La police a eu l'ordre de n'arrêter aucun manifestant. Photo Kerri Petersen Marks pour Occupy Hilo.

"La phase de construction est en marche, quoi qu’il arrive" pour l’équipe du télescope

Décidée dans les années 1990, la construction du télescope géant (TMT) – large comme un terrain de football, avec des miroirs de 30 mètres de diamètre permettant d’explorer l’univers à une portée 10 fois supérieure aux télescopes actuels - coûtera 1,4 milliard de dollars (1,1 milliard d’euros). Il est financé par plusieurs centres de recherche canadiens et américains. Le télescope devait être terminé d’ici 2018, mais sa construction a pris du retard, en partie parce que de la neige a repoussé le début des travaux au printemps prochain. Il devrait être finalement opérationnel en 2022.

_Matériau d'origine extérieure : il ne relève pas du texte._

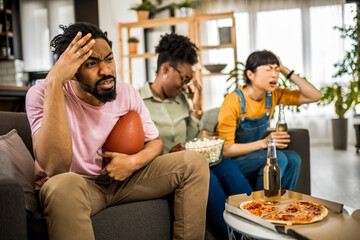 Multiracial group of friends watching rugby. Angry because their team is losing.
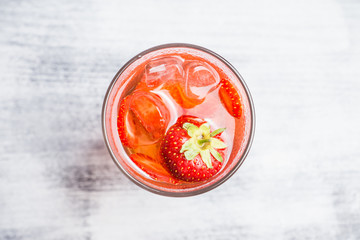 Strawberry cocktail on the rustic background. Selective focus. Shallow depth of field.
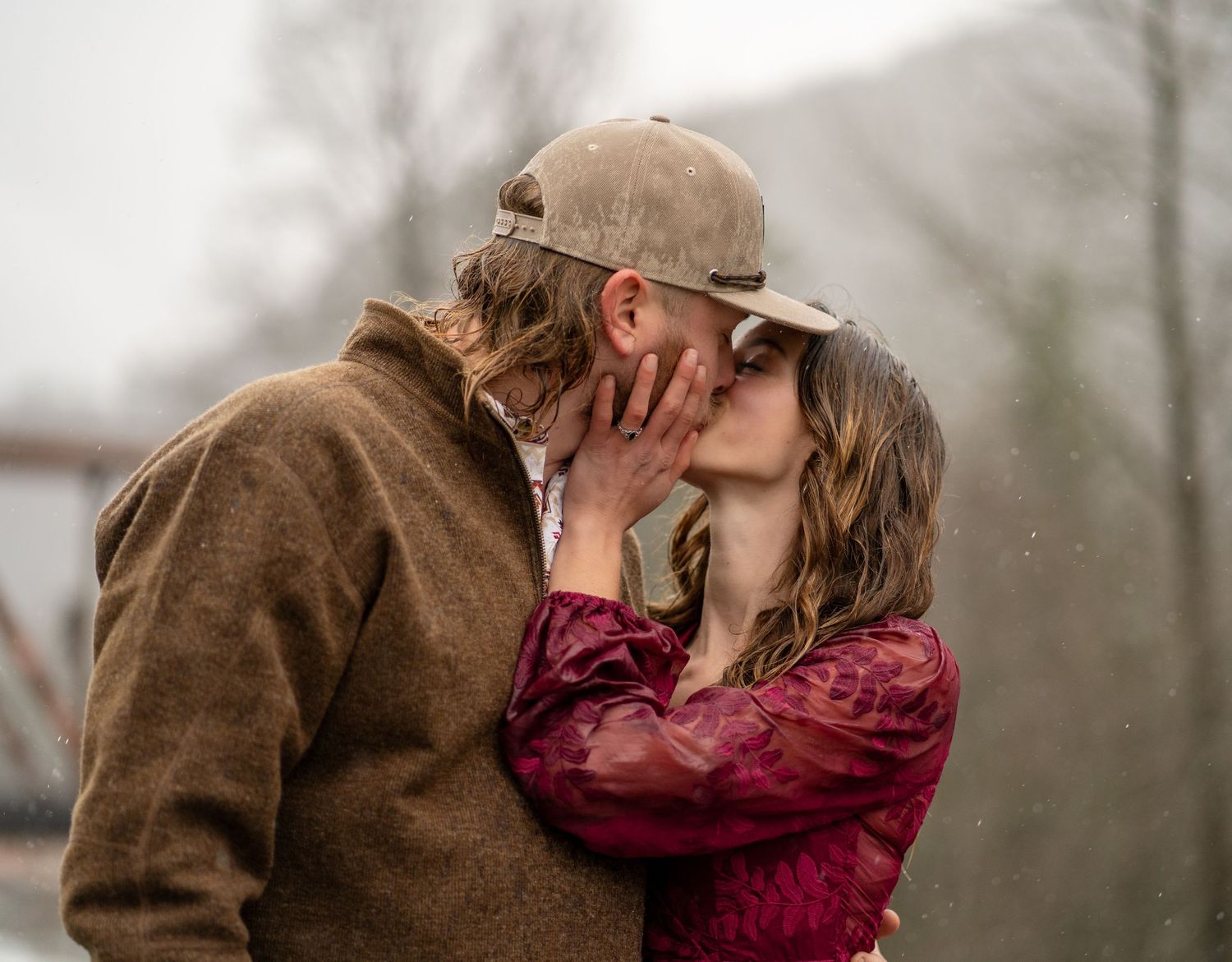 A couple embraces in a romantic kiss outdoors on a misty winter day, wearing a brown coat and burgundy sweater.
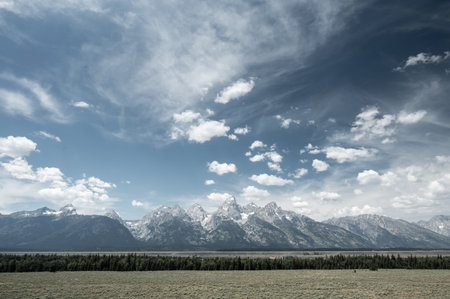 Muted Colors of Wispy Clouds Over Grand Teton Range in summerの写真素材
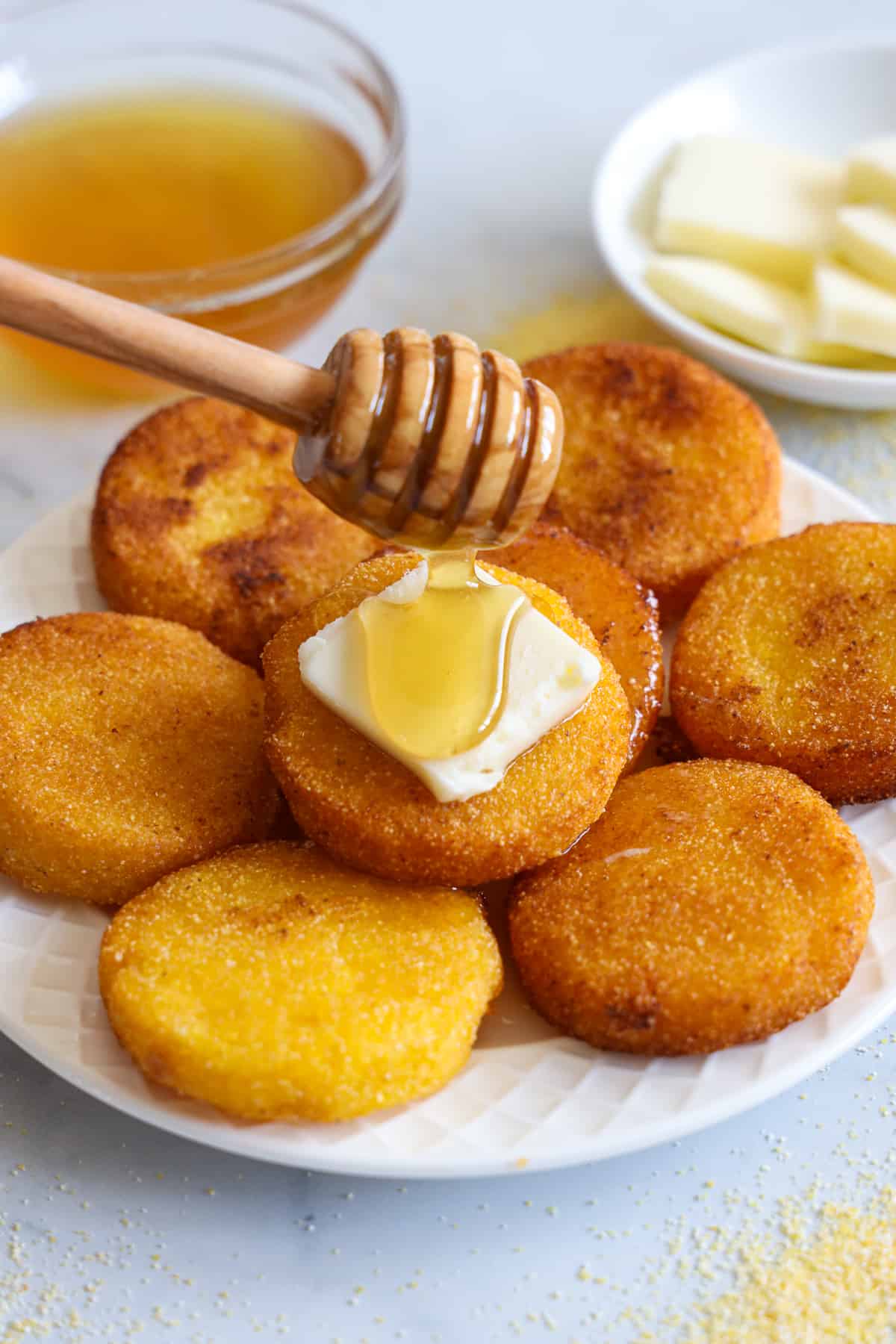 This Southern Hot Water Cornbread is dense, moist, & delicious. Fried to a golden brown, it is allergy-friendly, flavorful, & beyond tasty! #hotwatercornbread #cornbread #southerncornbread #southernhotwatercornbread Southern Hot Water Cornbread on a plate with a pat of butter and honey being dribbled on it, honey and butter in the background.
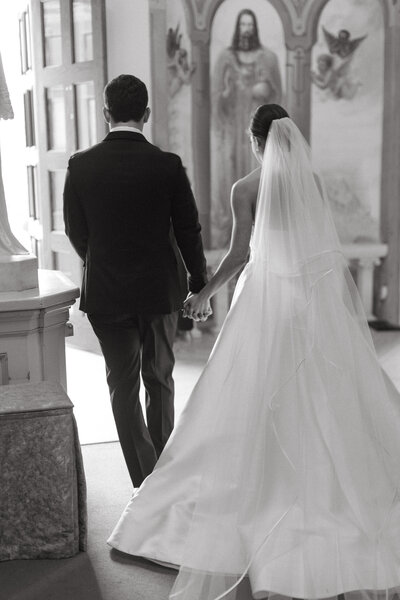 bride and groom hold hands while leaving wedding venue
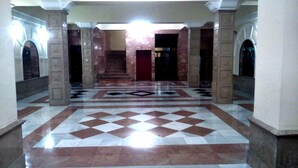 A spacious lobby with a checkered floor, marble columns, and a staircase leading to an upper level. - Hotel Carlos V (Granada)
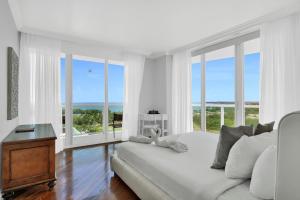 Una habitación blanca con una cama y ventanas y una mesa. en Fabulous 2 bedroom in Heart of Grove, en Miami 52 fotos más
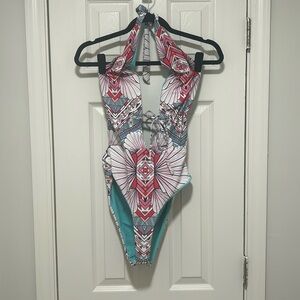 Geometric deep plunge. Reversible. Swimsuit. Size L.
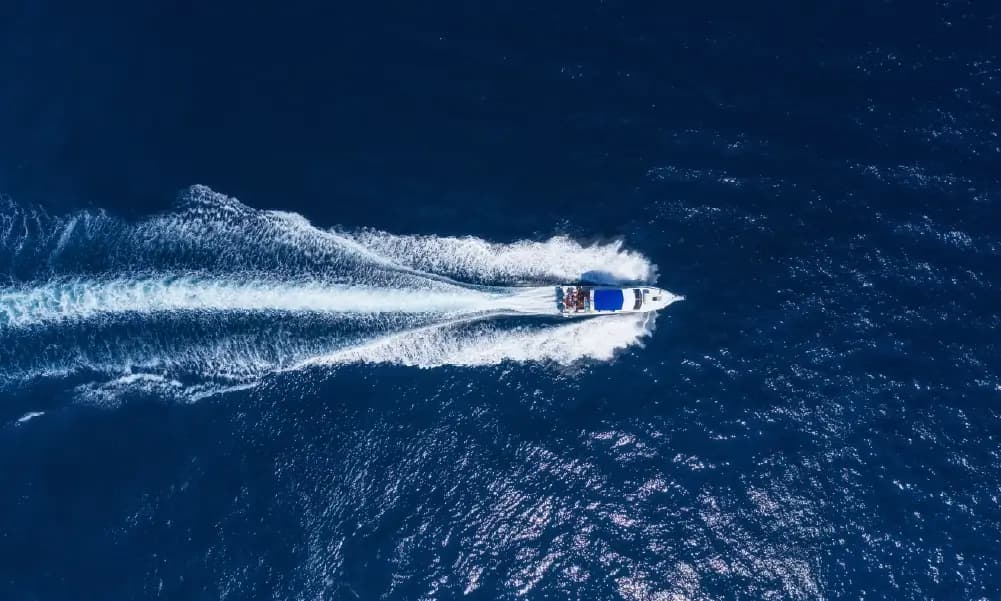 Luxury yachts cruising Dubai Marina with skyline views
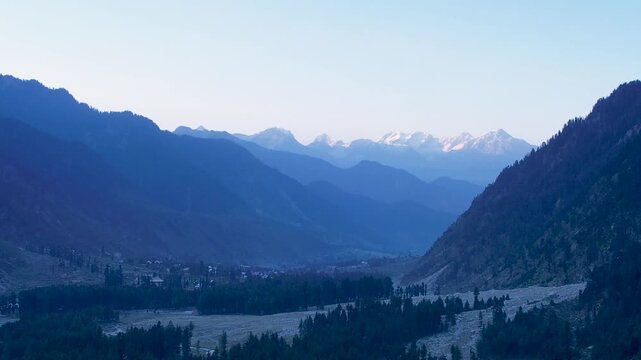 Thal Village rests below forested mountains and distant snow-covered peaks in Kumrat Valley, Upper Dir District, Khyber Pakhtunkhwa, Pakistan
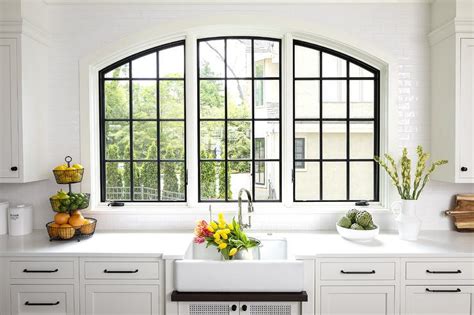 arch casement windows  farmhouse sink transitional kitchen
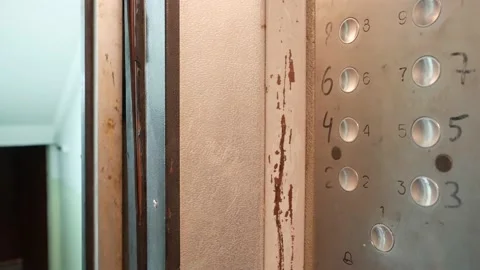 The metal elevator doors open automatically. Badly worn interior of an elevator Video stock 138598445
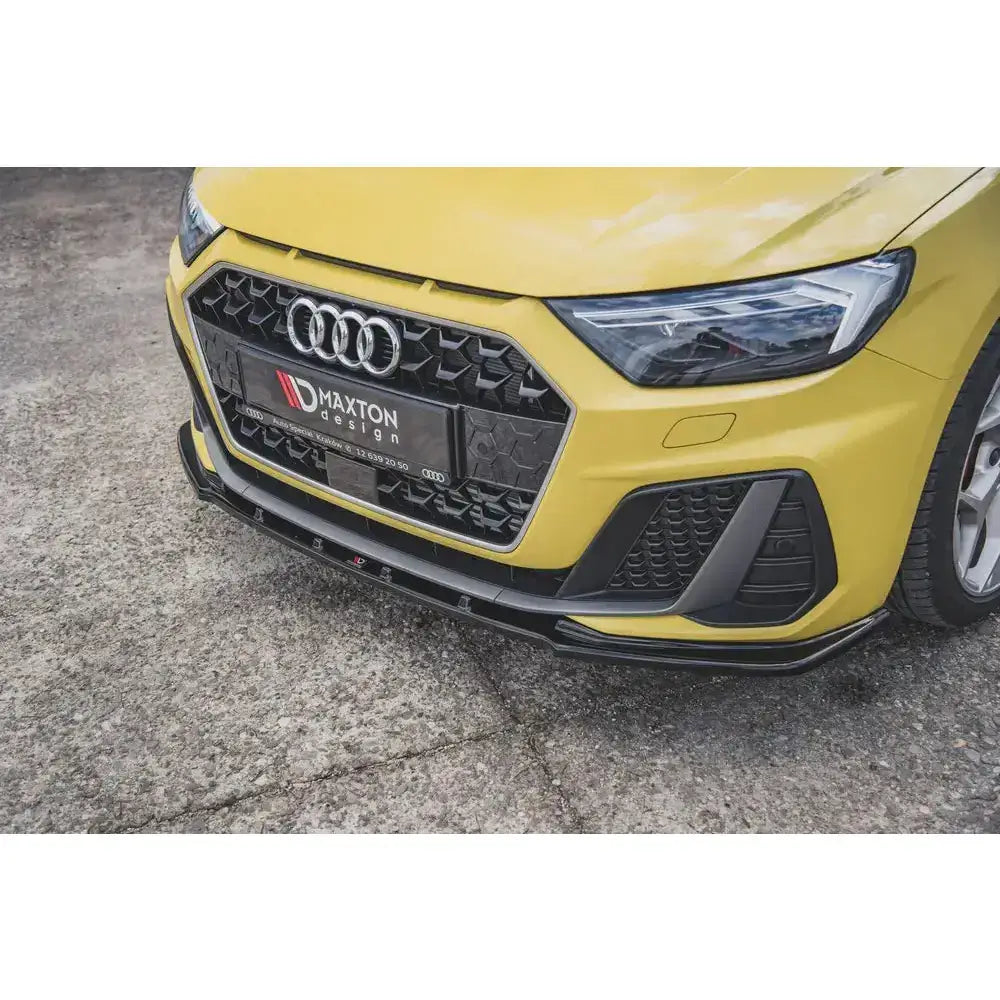 Front splitter på Audi A1 S-Line GB, gul bil med sort grill og plastdetaljer, sett skrått forfra.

Contacté par France 24, Sandra Dawson, manager du TMT, explique : "Nous regrettons que la cérémonie de bénédiction, en respect des traditions hawaïennes, ait été avortée ; plusieurs documents ont été validés par des représentants natifs d’Hawaï, notamment ceux prouvant l’impact limité de la construction du TMT sur l’environnement. Pour nous, la phase de construction est en marche, quoi qu’il arrive". Si des manifestants natifs d’Hawaï ont effectivement été associés aux discussions, ces derniers estiment que leurs arguments n’ont pour l’heure pas été pris en compte.